Reputation: 53
I have a functional working Adobe ColdFusion application that is indexing roughly 2k PDF files with via Solr search and providing expected results - however each search query to the collection takes generally 25-30 seconds.
This is how I indexed the 2k PDF files to Solr:
<!--- query database files --->
<cfset getfiles = application.file.getfiles()>
<!--- create solr query set --->
<cfset filesQuery = QueryNew("
fileUID
, filepath
, title
, description
, fileext
, added
")>
<!--- create new file query with key path and download url --->
<cfoutput query="getfiles">
<cfset ext = trim(getfiles.fileext)>
<cfset path = expandpath('/docs/#fileUID#.#ext#')>
<cfscript>
newRow = QueryAddRow(filesQuery);
QuerySetCell(filesQuery, "fileUID","#fileUID#" );
QuerySetCell(filesQuery, "filepath","#path#" );
QuerySetCell(filesQuery, "title","#filename#" );
QuerySetCell(filesQuery, "description","#description#" );
QuerySetCell(filesQuery, "added","#added#" );
</cfscript>
</cfoutput>
<!--- index the bunch --->
<cfindex
query = "filesQuery"
collection = "resumes"
action = "update"
type = "file"
key = "filepath"
title = "title"
body = "title, description"
custom1 = "fileext"
custom2 = "added"
category= "file"
status = "filestatus">
This is how the files are being searched and where the (25-30 second) Solr search happens:
<!--- imagine form with (form.search) for terms --->
<cfsearch name = "results"
collection = "resumes"
criteria = "#form.search#
contextPassages = "1"
contextBytes = "300"
maxrows = "100"
contextHighlightBegin = "<strong>"
contextHighlightEnd = " </strong>">
<!--- show (results) query --->
Some additional info on the project: all of the files are less than 1 page in length, so there was no character cutoff in creating the index results to Solr.
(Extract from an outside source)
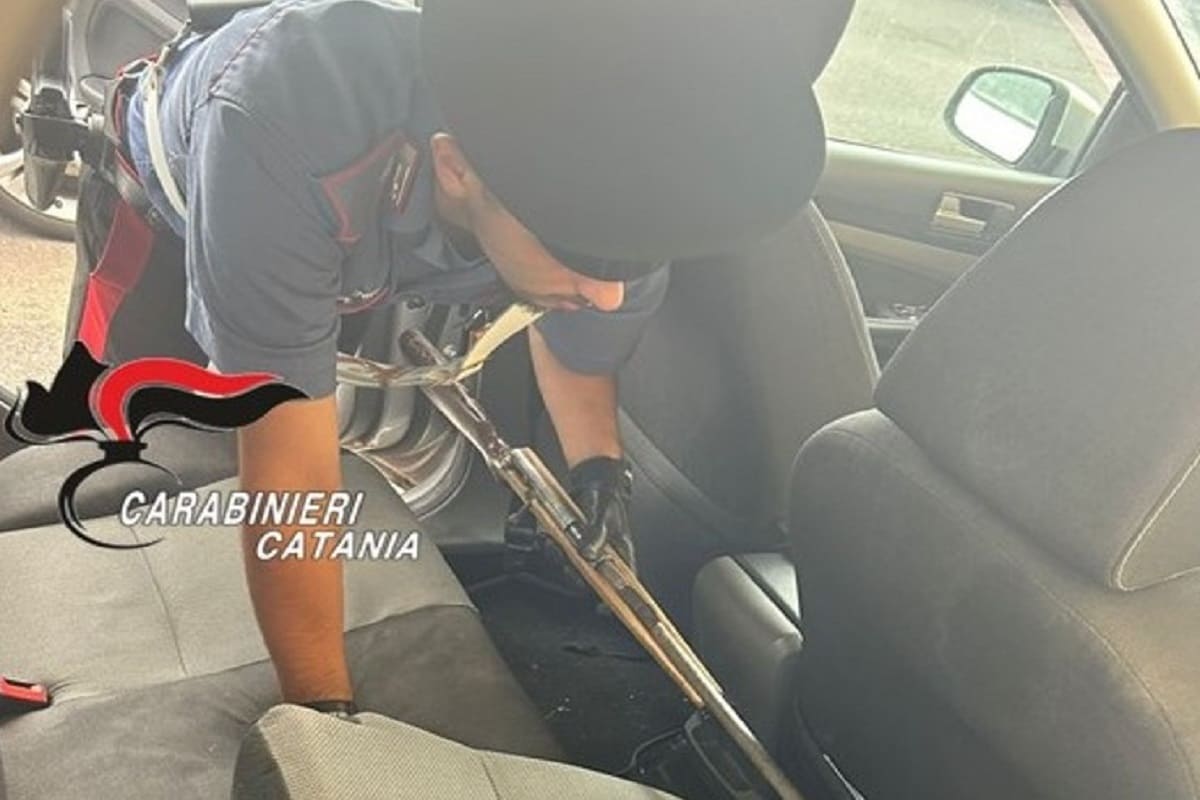 Prima la banale lite, poi gli spari e il terrore: scatta l’arresto nel Catanese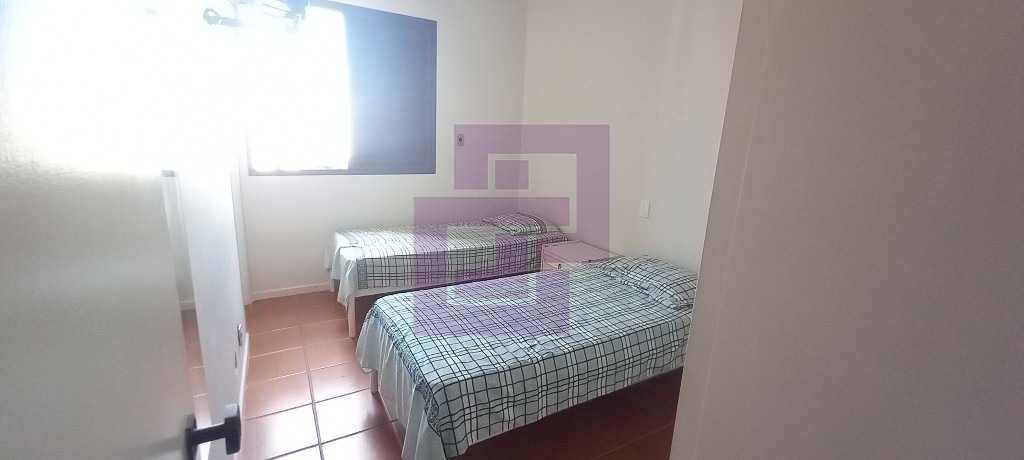 Venda de Apartamentos / Padrão na cidade de Guarujá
I have played with the Solr buffer limit within the ColdFusion Administrator with no major discernable change in time (currently at 40). I am on a development VM with MS Server 2003, 1.86 Xeon - Adobe ColdFusion 9.0.1 and 1GB RAM. JVM is Sun Microsytems (14.3-b01). Almost nothing else is running server-side, so performance should be unaffected by external factors.
It is providing expected and perfect results, just not in a timely fashion.
Upvotes: 4
Views: 1529
Reputation: 7519
You could try using CFSolrLib. It uses the Solr API. Its possible you may get a performance boost by bypassing <cfsearch>
Upvotes: 2